Source information:
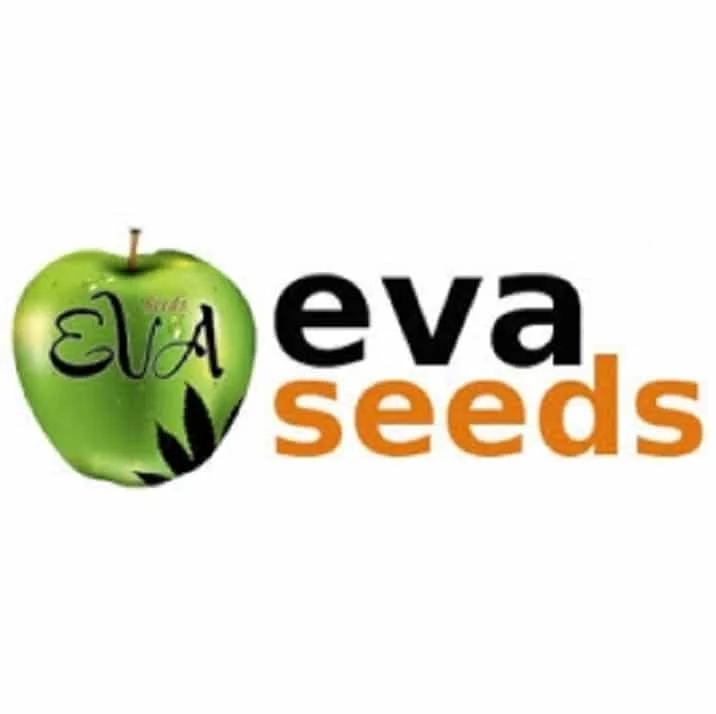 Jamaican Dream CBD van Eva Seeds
---
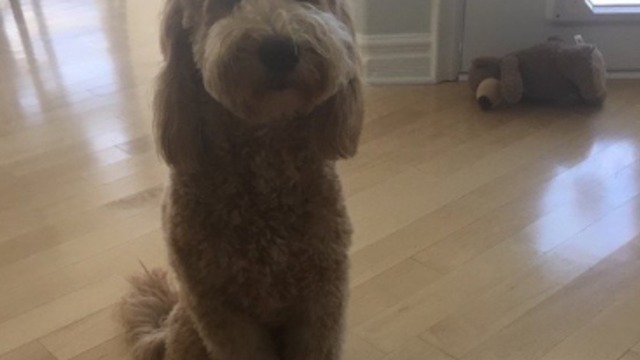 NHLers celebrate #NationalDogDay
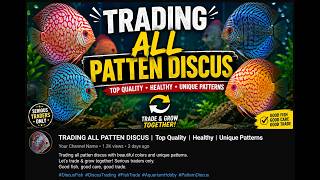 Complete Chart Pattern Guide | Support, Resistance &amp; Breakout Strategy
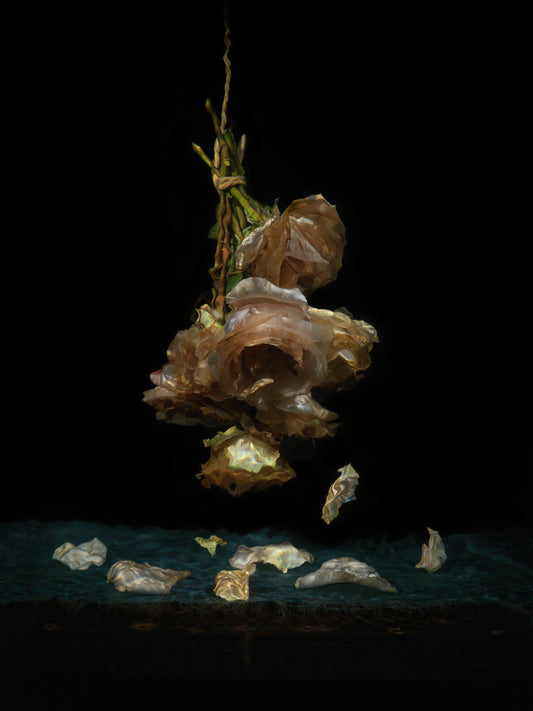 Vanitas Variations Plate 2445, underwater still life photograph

Work instructions: Set down, exactly as written above, each line from the one with "Complete Chart Pattern" through the one with "Vanitas Variations Plate", and skip the pictures.

Your response:
 Complete Chart Pattern Guide | Support, Resistance &amp; Breakout Strategy
 Vanitas Variations Plate 2445, underwater still life photograph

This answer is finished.